### The task
Show every line of the data that contains the string "Fall".

Items listed in a dataset:
⁂
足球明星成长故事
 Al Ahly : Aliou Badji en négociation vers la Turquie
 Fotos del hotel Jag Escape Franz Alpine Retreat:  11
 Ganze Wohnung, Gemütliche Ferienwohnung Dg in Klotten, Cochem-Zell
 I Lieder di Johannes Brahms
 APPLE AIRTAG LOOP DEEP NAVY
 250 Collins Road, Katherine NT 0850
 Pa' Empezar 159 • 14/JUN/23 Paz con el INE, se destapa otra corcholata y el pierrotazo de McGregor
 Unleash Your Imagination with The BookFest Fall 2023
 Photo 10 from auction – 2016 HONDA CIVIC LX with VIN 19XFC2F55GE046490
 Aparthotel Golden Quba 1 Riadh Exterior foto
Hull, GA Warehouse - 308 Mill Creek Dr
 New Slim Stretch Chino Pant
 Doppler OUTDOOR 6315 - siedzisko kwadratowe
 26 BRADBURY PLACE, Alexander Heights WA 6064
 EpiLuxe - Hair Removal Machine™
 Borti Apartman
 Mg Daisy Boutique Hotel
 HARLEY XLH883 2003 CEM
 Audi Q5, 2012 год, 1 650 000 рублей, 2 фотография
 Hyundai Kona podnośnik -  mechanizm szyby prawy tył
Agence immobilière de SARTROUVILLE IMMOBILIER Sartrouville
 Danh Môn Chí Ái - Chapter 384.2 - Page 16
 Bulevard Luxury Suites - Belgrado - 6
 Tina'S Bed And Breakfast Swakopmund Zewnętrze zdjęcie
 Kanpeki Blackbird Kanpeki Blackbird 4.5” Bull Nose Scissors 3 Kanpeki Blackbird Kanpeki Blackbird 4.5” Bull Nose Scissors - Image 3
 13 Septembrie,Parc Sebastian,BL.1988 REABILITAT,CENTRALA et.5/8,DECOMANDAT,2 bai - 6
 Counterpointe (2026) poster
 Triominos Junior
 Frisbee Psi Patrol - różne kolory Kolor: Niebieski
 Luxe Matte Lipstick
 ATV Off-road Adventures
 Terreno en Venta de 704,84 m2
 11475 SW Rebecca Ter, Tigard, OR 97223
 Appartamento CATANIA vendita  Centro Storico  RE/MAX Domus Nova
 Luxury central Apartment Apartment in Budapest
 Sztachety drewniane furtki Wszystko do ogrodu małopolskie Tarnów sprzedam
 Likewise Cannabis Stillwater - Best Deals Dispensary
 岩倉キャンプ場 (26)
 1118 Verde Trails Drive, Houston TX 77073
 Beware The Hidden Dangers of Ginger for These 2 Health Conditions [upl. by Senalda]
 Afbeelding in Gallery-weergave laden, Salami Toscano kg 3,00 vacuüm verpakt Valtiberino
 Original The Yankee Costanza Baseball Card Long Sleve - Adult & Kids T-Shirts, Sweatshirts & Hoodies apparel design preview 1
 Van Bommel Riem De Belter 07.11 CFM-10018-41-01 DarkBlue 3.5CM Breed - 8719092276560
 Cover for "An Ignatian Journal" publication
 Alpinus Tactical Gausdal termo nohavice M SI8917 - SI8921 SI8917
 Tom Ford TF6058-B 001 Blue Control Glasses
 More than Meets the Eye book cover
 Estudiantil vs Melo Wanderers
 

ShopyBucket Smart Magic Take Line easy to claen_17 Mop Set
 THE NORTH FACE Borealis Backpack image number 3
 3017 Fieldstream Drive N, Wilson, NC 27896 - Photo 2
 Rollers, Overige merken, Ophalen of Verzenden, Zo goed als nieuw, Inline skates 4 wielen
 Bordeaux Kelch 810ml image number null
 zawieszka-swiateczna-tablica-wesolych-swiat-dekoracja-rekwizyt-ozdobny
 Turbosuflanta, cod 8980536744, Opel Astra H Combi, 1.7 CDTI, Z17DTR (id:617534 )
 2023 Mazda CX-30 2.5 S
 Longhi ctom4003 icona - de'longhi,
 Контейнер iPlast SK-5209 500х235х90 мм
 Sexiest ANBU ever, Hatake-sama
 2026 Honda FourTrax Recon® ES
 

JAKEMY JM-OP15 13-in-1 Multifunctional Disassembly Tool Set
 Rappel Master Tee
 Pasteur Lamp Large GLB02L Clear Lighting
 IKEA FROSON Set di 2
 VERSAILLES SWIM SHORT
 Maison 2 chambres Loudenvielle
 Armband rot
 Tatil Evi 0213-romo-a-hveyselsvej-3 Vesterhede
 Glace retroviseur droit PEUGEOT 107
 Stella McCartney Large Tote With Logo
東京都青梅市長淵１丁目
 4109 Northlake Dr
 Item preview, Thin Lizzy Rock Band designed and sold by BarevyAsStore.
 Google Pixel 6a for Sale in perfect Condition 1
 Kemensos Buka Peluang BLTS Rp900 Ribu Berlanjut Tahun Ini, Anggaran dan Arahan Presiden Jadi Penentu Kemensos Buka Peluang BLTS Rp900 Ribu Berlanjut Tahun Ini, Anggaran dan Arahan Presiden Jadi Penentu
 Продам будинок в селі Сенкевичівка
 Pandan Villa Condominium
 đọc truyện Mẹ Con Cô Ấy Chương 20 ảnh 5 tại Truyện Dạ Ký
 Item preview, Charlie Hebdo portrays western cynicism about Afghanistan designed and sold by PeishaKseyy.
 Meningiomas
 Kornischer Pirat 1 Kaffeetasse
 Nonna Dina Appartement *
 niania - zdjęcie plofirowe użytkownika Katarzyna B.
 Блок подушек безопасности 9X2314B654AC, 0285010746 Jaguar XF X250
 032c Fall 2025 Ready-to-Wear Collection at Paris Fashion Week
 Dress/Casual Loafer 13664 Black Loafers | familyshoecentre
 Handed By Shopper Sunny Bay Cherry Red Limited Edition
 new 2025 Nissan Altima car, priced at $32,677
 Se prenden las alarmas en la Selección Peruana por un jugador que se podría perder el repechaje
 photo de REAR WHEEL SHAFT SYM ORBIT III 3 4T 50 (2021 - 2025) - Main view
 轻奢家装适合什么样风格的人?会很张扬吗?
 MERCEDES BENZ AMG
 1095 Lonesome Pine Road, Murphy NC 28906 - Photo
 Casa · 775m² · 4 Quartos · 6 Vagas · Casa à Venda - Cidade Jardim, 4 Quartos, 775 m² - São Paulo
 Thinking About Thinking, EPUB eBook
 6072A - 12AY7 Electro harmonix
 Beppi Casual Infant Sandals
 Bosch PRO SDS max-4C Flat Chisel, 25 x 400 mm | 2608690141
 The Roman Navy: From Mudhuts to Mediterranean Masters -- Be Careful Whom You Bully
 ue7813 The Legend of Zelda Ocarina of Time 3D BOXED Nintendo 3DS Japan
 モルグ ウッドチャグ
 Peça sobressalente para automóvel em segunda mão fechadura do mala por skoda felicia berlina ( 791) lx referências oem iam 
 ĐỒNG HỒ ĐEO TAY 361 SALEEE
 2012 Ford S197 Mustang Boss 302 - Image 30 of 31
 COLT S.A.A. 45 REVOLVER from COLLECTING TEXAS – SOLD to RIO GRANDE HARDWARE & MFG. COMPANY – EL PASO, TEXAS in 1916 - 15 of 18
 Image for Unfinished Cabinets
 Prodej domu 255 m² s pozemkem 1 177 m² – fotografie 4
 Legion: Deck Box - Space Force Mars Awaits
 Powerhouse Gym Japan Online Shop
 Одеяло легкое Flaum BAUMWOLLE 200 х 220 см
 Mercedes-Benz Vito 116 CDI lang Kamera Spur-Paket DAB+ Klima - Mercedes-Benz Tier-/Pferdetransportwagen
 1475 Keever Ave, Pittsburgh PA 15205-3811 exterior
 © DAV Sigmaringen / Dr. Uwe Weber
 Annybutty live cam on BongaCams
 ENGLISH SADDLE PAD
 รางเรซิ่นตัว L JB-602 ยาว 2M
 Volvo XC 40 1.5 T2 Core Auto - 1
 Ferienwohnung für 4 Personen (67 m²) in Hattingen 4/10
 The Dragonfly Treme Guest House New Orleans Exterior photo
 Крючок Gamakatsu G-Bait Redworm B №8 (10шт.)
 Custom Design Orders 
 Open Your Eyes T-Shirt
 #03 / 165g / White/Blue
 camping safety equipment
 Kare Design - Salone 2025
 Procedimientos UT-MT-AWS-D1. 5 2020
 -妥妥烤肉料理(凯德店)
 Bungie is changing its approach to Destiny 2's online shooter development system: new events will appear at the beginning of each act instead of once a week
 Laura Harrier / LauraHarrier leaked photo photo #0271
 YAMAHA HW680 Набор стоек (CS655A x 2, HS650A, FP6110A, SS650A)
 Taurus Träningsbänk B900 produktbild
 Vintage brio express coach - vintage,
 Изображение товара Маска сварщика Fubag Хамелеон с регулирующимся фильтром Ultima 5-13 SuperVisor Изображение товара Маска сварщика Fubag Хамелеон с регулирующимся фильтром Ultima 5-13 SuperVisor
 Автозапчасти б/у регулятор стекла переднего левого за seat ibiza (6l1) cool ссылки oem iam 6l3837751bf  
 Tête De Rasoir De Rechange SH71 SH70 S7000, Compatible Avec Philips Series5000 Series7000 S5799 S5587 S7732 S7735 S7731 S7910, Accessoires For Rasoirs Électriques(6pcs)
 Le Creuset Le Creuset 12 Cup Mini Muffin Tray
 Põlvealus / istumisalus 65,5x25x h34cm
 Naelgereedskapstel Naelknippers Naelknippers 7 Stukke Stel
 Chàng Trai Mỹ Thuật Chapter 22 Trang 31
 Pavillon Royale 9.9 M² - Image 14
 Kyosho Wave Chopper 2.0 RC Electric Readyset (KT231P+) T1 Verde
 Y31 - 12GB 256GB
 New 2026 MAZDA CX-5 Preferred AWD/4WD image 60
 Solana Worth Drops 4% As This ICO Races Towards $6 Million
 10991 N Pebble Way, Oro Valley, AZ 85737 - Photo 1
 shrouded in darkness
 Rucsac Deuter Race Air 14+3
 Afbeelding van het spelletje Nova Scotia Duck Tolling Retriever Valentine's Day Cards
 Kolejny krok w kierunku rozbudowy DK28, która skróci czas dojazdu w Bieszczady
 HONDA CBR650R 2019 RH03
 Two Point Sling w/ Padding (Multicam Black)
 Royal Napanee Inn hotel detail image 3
⁂
### Problem solution
 Unleash Your Imagination with The BookFest Fall 2023
 032c Fall 2025 Ready-to-Wear Collection at Paris Fashion Week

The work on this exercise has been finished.